Kur’an’daki “Ben cinleri ve insanları ancak bana ibadet / kulluk etsinler diye yarattım.” (Zariyat, 56) beyanının tefsirinde, seçkin sahabeden İbni Abbas (ra): “İbadetten / kulluktan maksat, arif olmak, tevhit ehli olmaktır.” Diyor ki, ancak zikr-i daim ve meratib-i tevhidin keşfine ulaşan bir kimse, hem arif hem de kamildir. Bu itibarla kulun yaradılışının gayesi insan-ı kamil mertebesine ulaşarak, insan-ı kamil olmasıdır.
Ehl-i kemal, insan-ı kamili mumla tarif etmişlerdir. “Eskiden tekkelerde büyük mumlar olup; günlerce yanar, aydınlık verirdi. Mum bitince onun yerine konan yeni mum, hariçten bir ateşle yakılmazdı. Yeni mumu eriyen eski mumun ateşinden yakarlardı, böylece mumun ateşi hiç değişmez, mumun bedeni değişirdi. Bu böyle tekrarlanarak devam ederdi.” Mum insan-ı kamilin suret ve bedenidir, suret bu alemden geçmekle devamlı değişir.
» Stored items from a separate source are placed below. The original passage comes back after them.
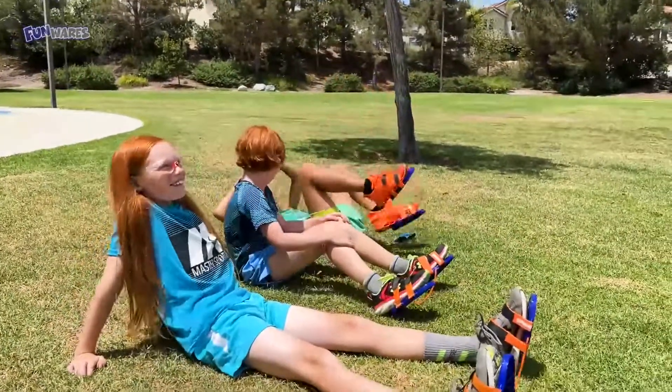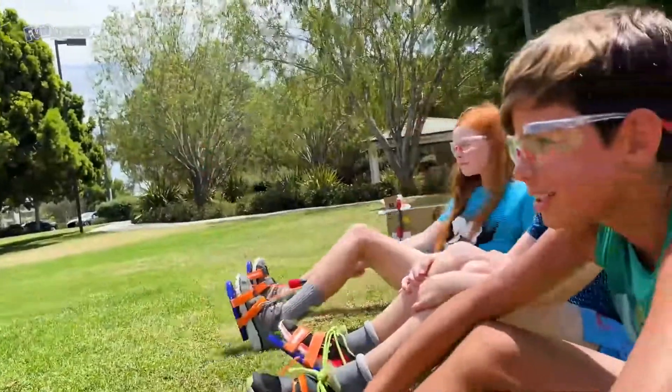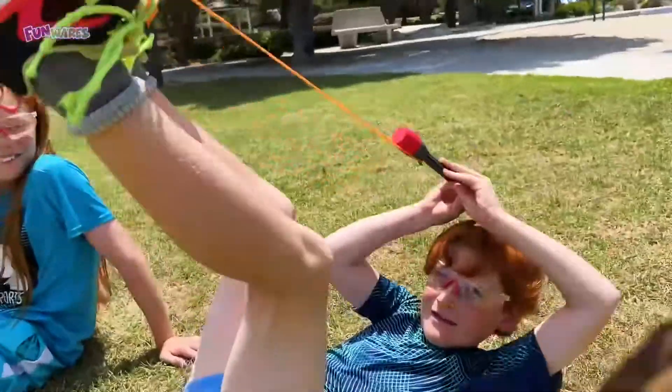Dude, did you hear it whistle? Oh yeah, that was awesome — sounds like someone's whistling. Here, hear it whistle.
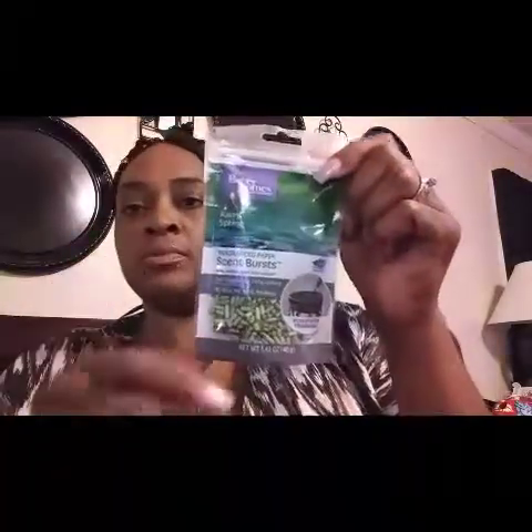Next I have these paper scented burst fragrance pods that go in your wax burner. I got Rainy Spring, Orange Cream, two in Cashmere — cashmere smells so good — Cinnamon Spice, and Vanilla Burst. These are all fall scents and they smell amazing.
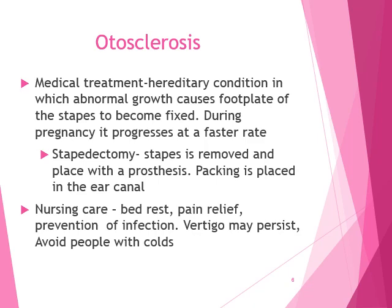Otosclerosis is a hereditary condition in which abnormal growth causes the footplate of the stapes to become fixed. There is a picture on page 1189 that shows the hammer, anvil — the stapes, incus, and malleus — those tiny bones. They become fixed together, and this is otosclerosis — they sclerose and fix together. It can occur during pregnancy and progress at a faster rate, though you'd already have to be predisposed to this condition.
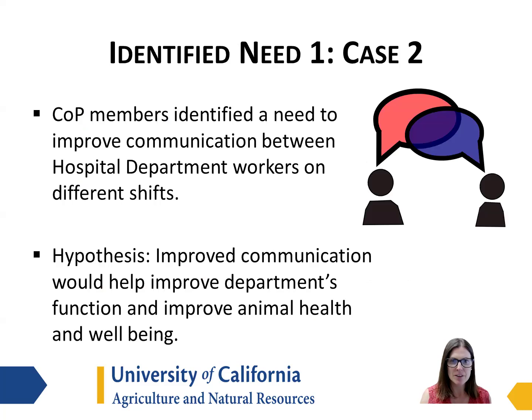The first identified need for this case was to improve communication between the hospital employees that were working on different shifts, morning and evening, in addition to different days of the week. We hypothesized that improved communication would help improve the employees in the hospital area, their communication and function, and improve animal health and well-being.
Mumun ateşi ise, insan-ı kamilin kemalatı, marifetidir. Kamilin marifet ve kemalatla olan irşadı, hep aynı olup hiç değişmez. Bu itibarla yüzlerce yıl evvel yaşamış olan insan-ı kamilin telkin ve irşadındaki irfaniyetle, ondan sonra ve halen yaşayan insan-ı kamilin telkin ve irşadındaki irfaniyet aynıdır. Bu itibarla, her zamanda insan-ı kamil vardır, bunların zamanları ve suretleri farklıdır, fakat irfaniyet ve kemalatları aynıdır. Bunu beyanla Fehmi Efendi, Hakkı Baba Hazretleri için “Zamanın insan-ı kamili idi.” diyor.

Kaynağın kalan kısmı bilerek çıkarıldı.